* **EXERCISE DATA**
○ ○ ○
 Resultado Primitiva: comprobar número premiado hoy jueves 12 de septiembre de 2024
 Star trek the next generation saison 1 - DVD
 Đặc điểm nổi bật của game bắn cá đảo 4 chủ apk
○ ○ ○
* **HOW TO COMPLETE THIS TASK**
Copy the material above exactly. Include every line.

* **SOLUTION TO THIS TASK**
 Resultado Primitiva: comprobar número premiado hoy jueves 12 de septiembre de 2024
 Star trek the next generation saison 1 - DVD
 Đặc điểm nổi bật của game bắn cá đảo 4 chủ apk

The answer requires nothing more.